Karate Warrior, also known as Fist of Power or The Boy in the Golden Kimono (Il ragazzo dal kimono d'oro) is a 1987 Italian martial arts drama film directed by Fabrizio De Angelis as Larry Ludman.
The film became the first in a series, spawning five sequels.

==Synopsis==
A young man visiting his father in the Philippines. He inadvertently interferes with the affairs of local gang run by Quino he gets beaten up and left for dead.

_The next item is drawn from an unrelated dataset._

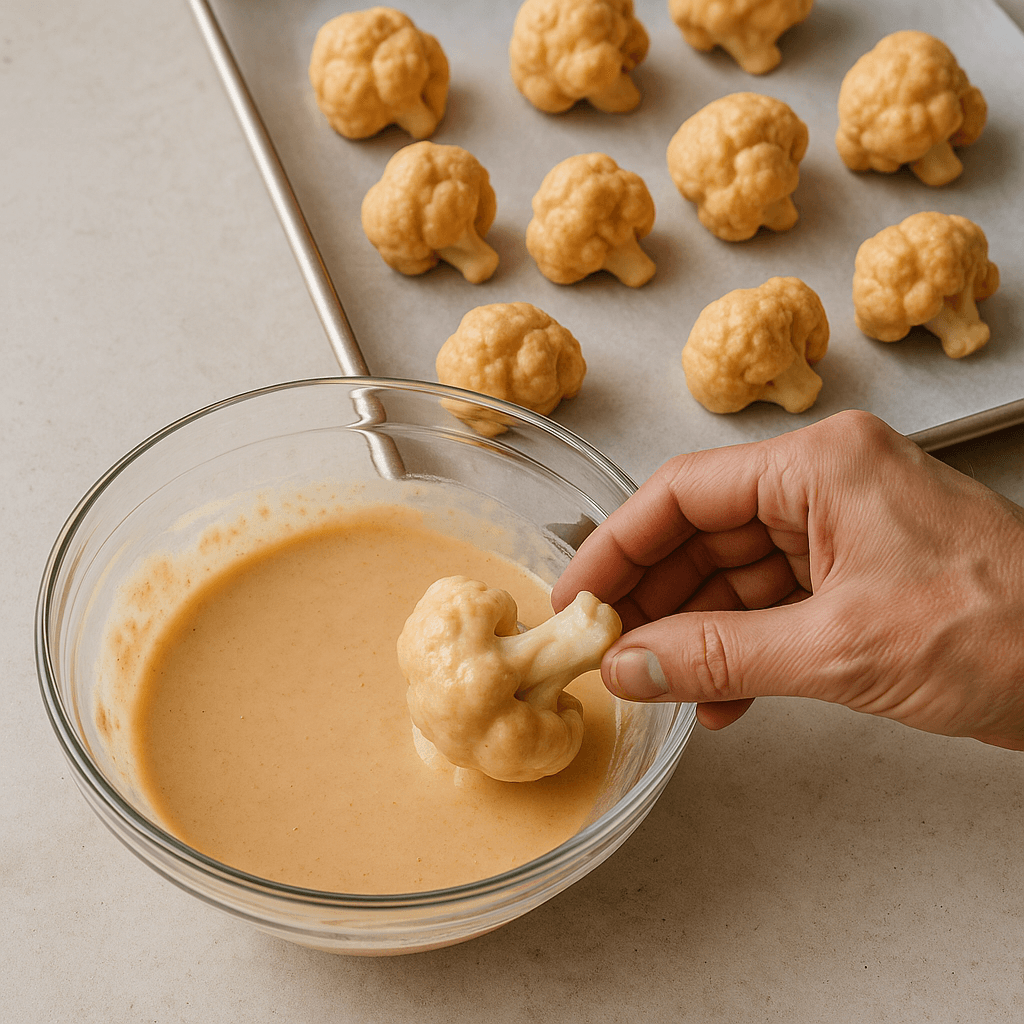 Buffalo Cauliflower Bites step photo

An old monk nurses Anthony back to health and teaches him the ways of martial arts and even teaches a special technique known as the “Stroke of the Dragon”. Now the young man is determined to defeat Quino and get even for his beating.

== Cast ==
- Kim Rossi Stuart as Anthony Scott
- Ken Watanabe as Master Kimura
- Jannelle Barretto as Maria
- Jared Martin as Paul Scott
- Janet Agren as Julia Scott
- Enrico Torralba as Quino
- Jonny Tuazon
- Rudy Meyer
- Rico Orbita
- Arnulfo C. Quiwa

==Release==
The film was released in Italy on September 3, 1987.

== Sequels ==
- Karate Warrior 2 (1988)
- Karate Warrior 3 (1991)
- Karate Warrior 4 (1992)
- Karate Warrior 5 (1992)
- Karate Warrior 6 (1993)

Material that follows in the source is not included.